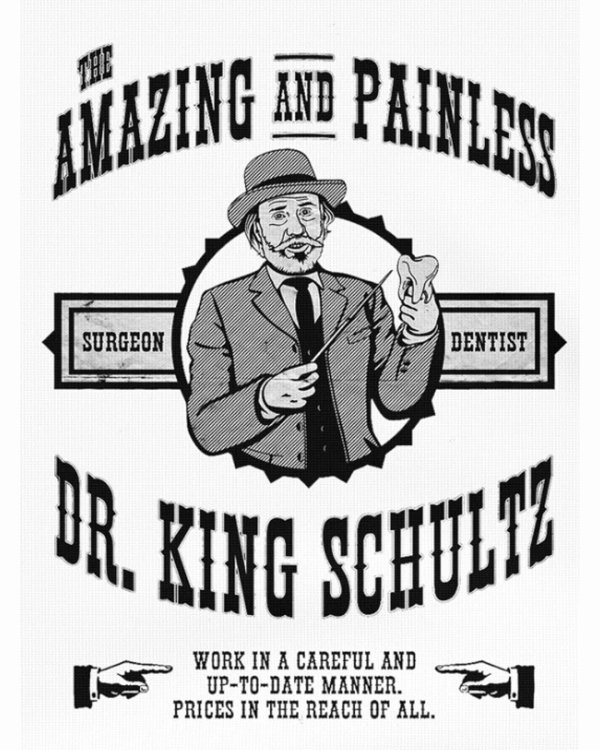 画像2: 10月19日23:59分締切 予約注文 送料無料 Django Unchained / Quentin Tarantino Dr. King Schultz Django Tシャツ ホワイト (2)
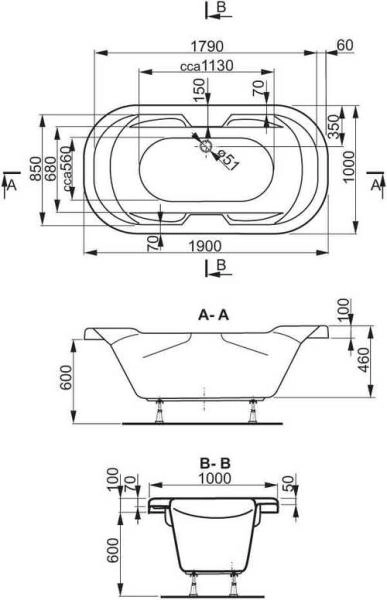 Ванна Vagnerplast Gala VPBA191GAI7X-04 190x100 см акриловая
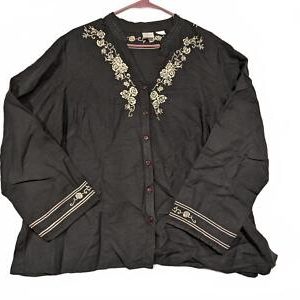 Emma James Womens Elegant Embroidered Beaded Button-Up Blouse Navy 24W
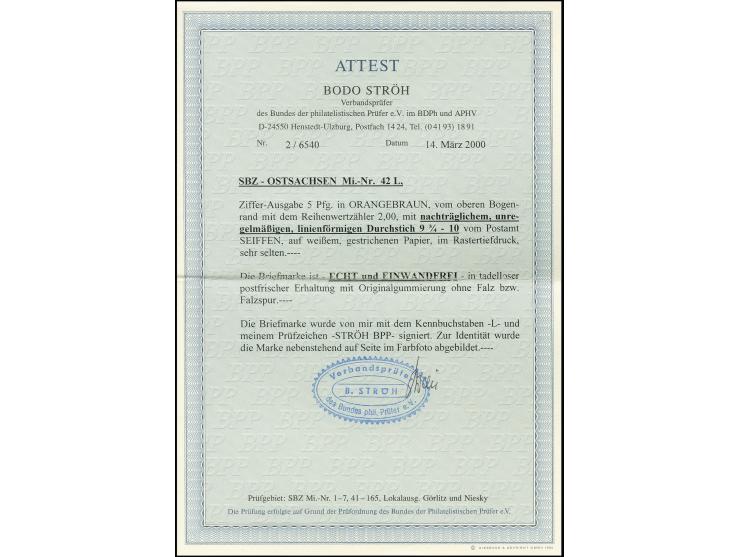 Postmeistertrennungen: Seiffen 5 Pfg. orangebraun, Oberrandstück, postfrisch, sign. Stöh BPP mit Fotoattest: "...in tadellose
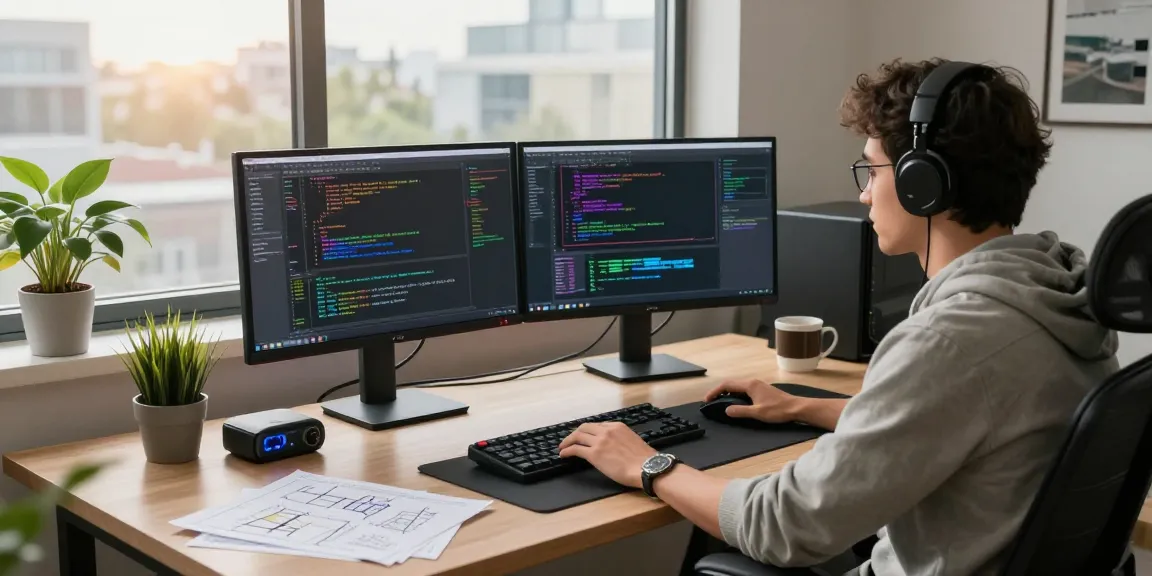 Developing innovative FiveM Qbcore Scripts in a modern workspace with coding setup.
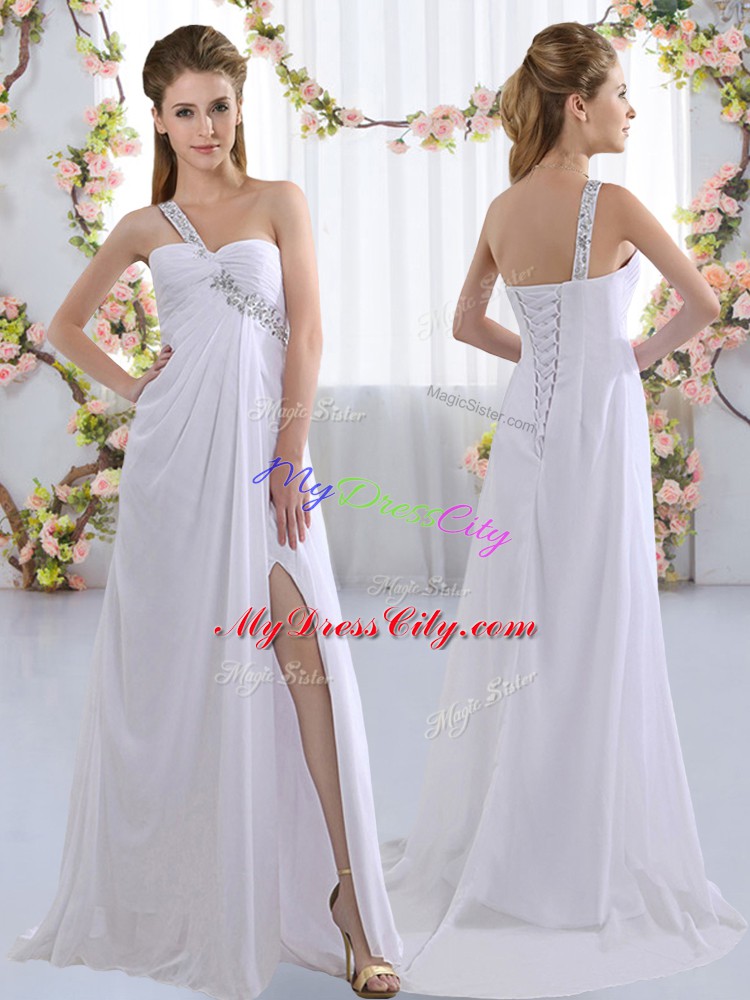 Fitting White Empire Chiffon One Shoulder Sleeveless Beading Lace Up Wedding Guest Dresses Brush Train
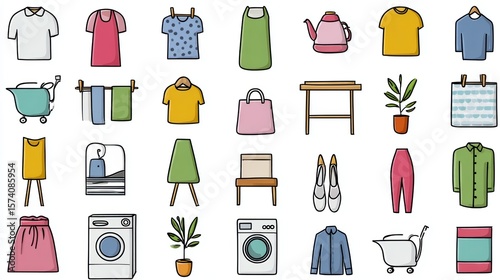 Colorful Illustrative Collection of Various Clothing Items and Household Objects on White Background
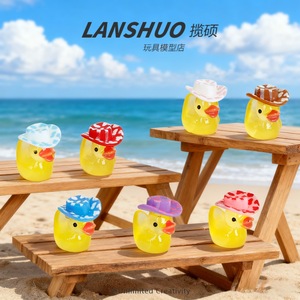 Miniature 3D <b>Duck</b> Ornaments With Colorful Hats Plastic Resin DIY Jewelry Accessories Glow In Dark Pet Decorations - Product Image 4
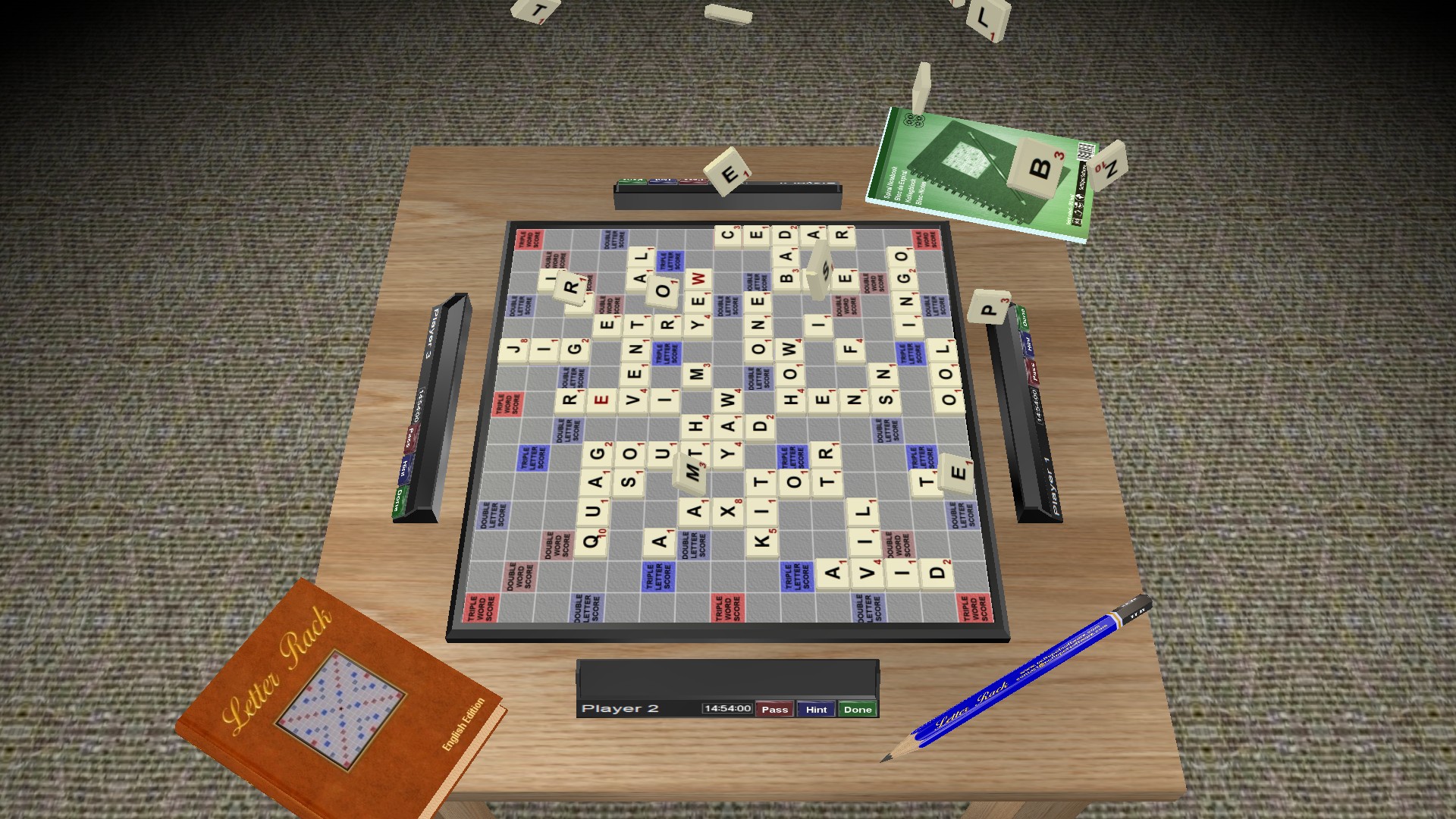 Letter Rack 3D mid-game: a crowded board of word tiles, with the dictionary, pocket watch, pencil and notebook around it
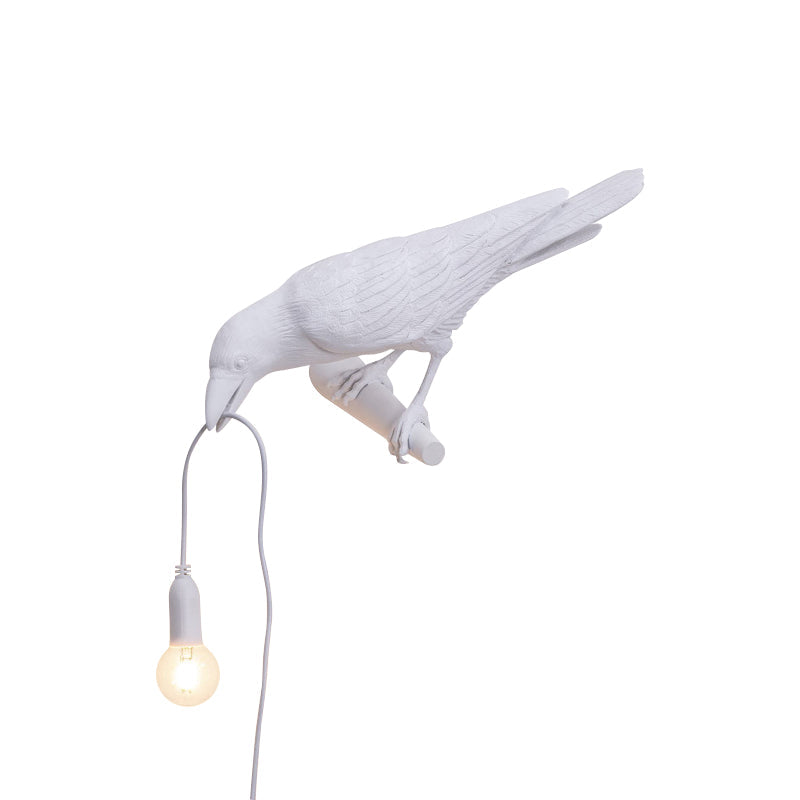 Bird Shape Wall Mount Light - Country Style Resin Sconce Lamp (White/Black Finish) With 1 Bulb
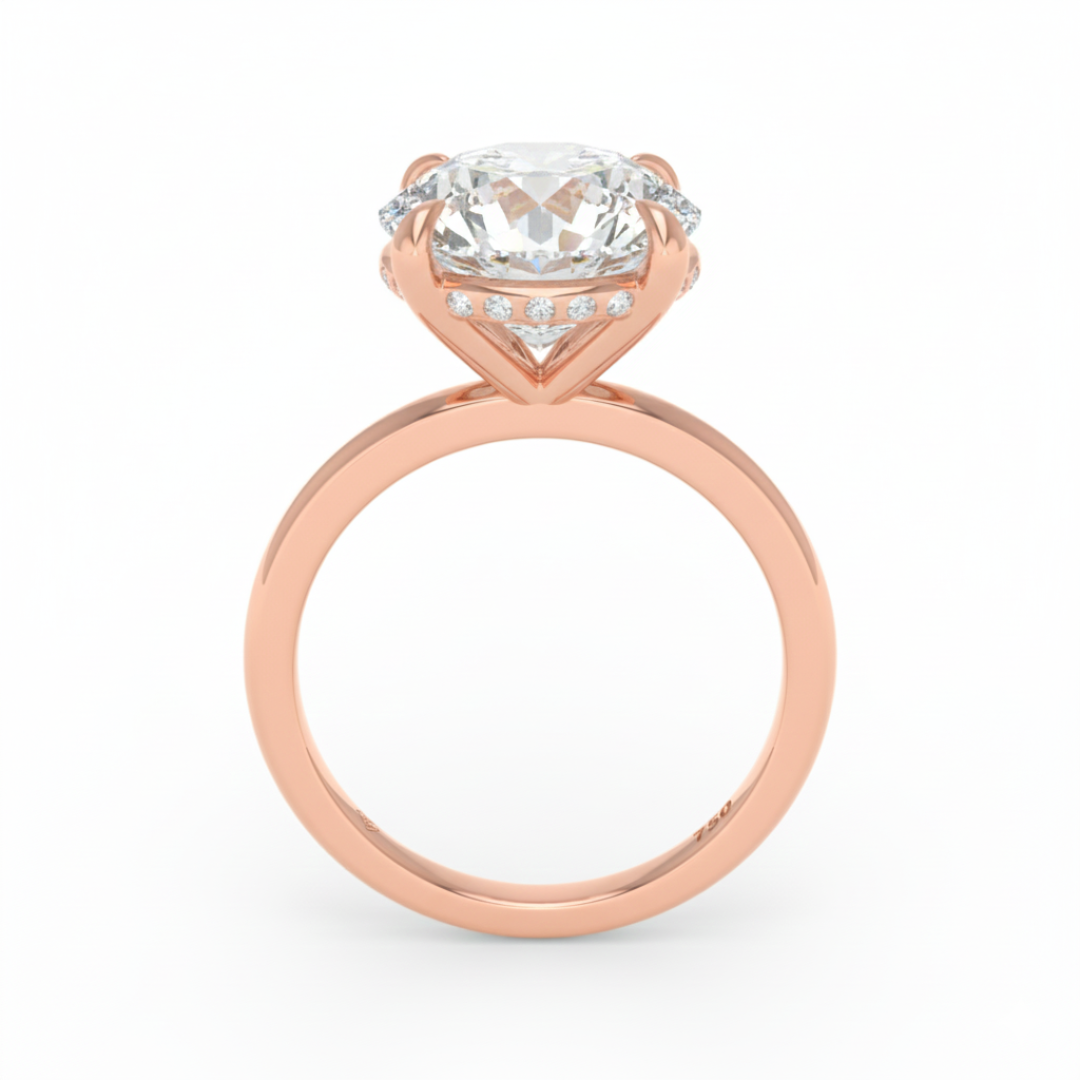 Léa Round Cut Diamond With Hidden Halo Engagement Ring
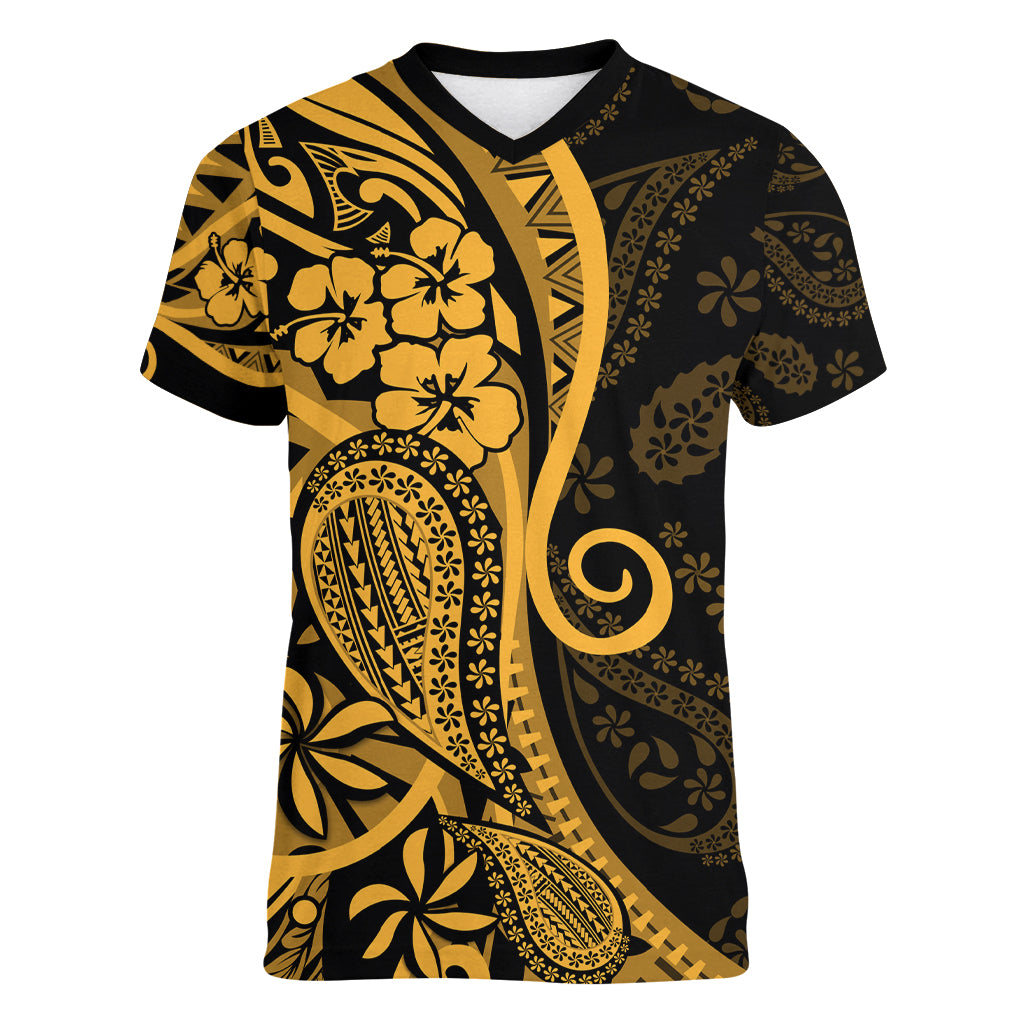 Gold Polynesia Paisley Women V Neck T Shirt Polynesian With Tropical Flowers LT14 Female Gold - Polynesian Pride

Activity. Look back over the records above. Reproduce exactly everything from the line with "Developing innovative FiveM" down to the line with "Miniature 3D <b>Duck</b>", inclusive, and leave the pictures out.

Answer to the exercise.
 Developing innovative FiveM Qbcore Scripts in a modern workspace with coding setup.
 Fitting White Empire Chiffon One Shoulder Sleeveless Beading Lace Up Wedding Guest Dresses Brush Train
 Colorful Illustrative Collection of Various Clothing Items and Household Objects on White Background
 Miniature 3D <b>Duck</b> Ornaments With Colorful Hats Plastic Resin DIY Jewelry Accessories Glow In Dark Pet Decorations - Product Image 4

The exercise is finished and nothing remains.